Code to accompany the paper: Collapsible Linear Blocks for Super-Efficient Super Resolution (https://arxiv.org/abs/2103.09404).
It is recommended to use a conda environment with python 3.6. Start by installing the requirements: Minimum requirements: tensorflow-gpu>=2.2 and tensorflow_datasets>=4.1. Install these using the following command:
./install_requirements.sh
The training time would increase if we directly train collapsible linear blocks in the expanded space and collapse them later. To address this, we developed an efficient implementation of SESR: We collapse the "Linear Blocks" at each training step (using Algorithms 1 and 2 shown in the paper), and then use this collapsed weight to perform forward pass convolutions. Since model weights are very small tensors compared to feature maps, this collapsing takes a very small time. The training (backward pass) still updates the weights in the expanded space but the forward pass happens in collapsed space even during training (see figure below). Therefore, training the collapsible linear blocks is very efficient.

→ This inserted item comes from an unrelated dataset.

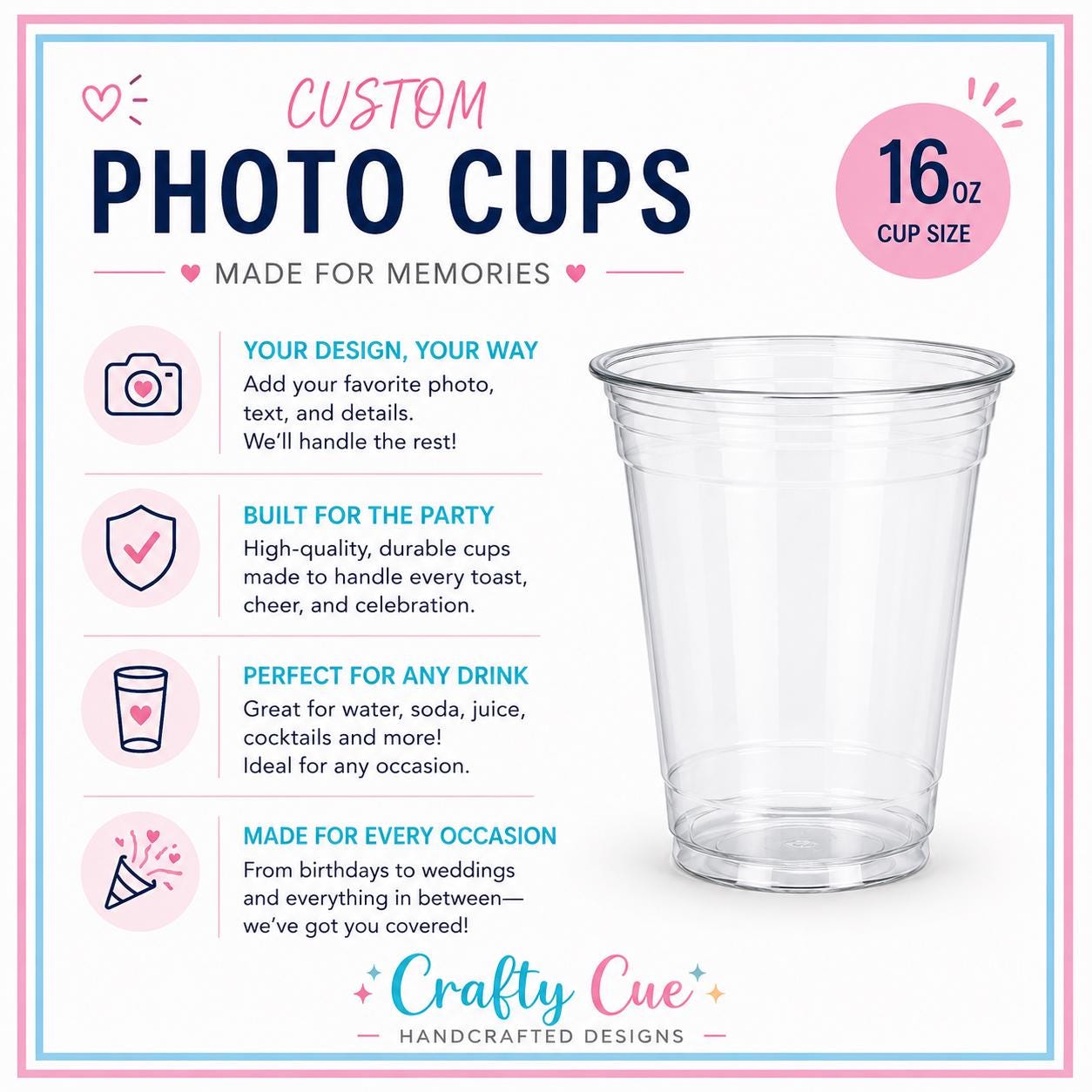 Ships Fast Personalized Photo Cups – 16oz Custom Party Cups, Vintage Est Year Picture Cups, Birthday Parties Favors Decorations Supplies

For the SESR-M5 network and a batch of 32 [64x64] images, training in expanded space takes 41.77B MACs for a single forward pass, whereas our efficient implementation takes only 1.84B MACs. Similar improvements happen in GPU memory and backward pass (due to reduced size of layerwise Jacobians).
Train SESR-M5 network with m = 5, f = 16, feature_size = 256, with collapsed linear block:
python train.py
Train SESR-M5 network with m = 5, f = 16, feature_size = 256, with expanded linear block:
python train.py --linear_block_type expanded
Train SESR-M11 network with m = 11, f = 16, feature_size = 64, with collapsed linear block:
python train.py --m 11 --feature_size 64
Train SESR-XL network with m = 11, f = 16, feature_size = 64, with collapsed linear block:
python train.py --m 11 --int_features 32 --feature_size 64
Training x4 SISR: Requires a corresponding pretrained x2 model to be present in the directory logs/x2_models/
Train SESR-M5 network with m = 5, f = 16, feature_size = 256, with collapsed linear block:
python train.py --scale 4
Train SESR-M5 network with m = 5, f = 16, feature_size = 256, with expanded linear block:
python train.py --linear_block_type expanded --scale 4
Train SESR-M11 network with m = 11, f = 16, feature_size = 64, with collapsed linear block:
python train.py --m 11 --feature_size 64 --scale 4
Train SESR-XL network with m = 11, f = 16, feature_size = 64, with collapsed linear block:
python train.py --m 11 --int_features 32 --feature_size 64 --scale 4
File | Description |
---|---|
train.py | Contains main training and eval loop for DIV2K dataset |
utils.py | Dataset utils and preprocessing |
models/sesr.py | Contains main SESR network class |
models/model_utils.py | Contains the expanded and collapsed linear blocks (to be used inside SESR network) |
Flag | Filename | Description | Default value |
---|---|---|---|
epochs | train.py | Number of epochs to train | 300 |
batch_size | train.py | Batch size during training | 32 |
learning_rate | train.py | Learning rate for ADAM | 2e-4 |
model_name | train.py | Name of the model | 'SESR' |
scale | utils.py | Scale of SISR (either x2 or x4 SISR) | 2 |
feature_size | models/sesr.py | Number of features inside linear blocks (used for SESR only) | 256 |
int_features | models/sesr.py | Number of intermediate features within SESR (parameter f in paper). Used for SESR. | 16 |
m | models/sesr.py | Number of 3x3 layers (parameter m in paper). Used for SESR. | 5 |
linear_block_type | models/sesr.py | Specify whether to train a linear block which does an online collapsing during training, or a full expanded linear block: Options: "collapsed" [DEFAULT] or "expanded" | 'collapsed' |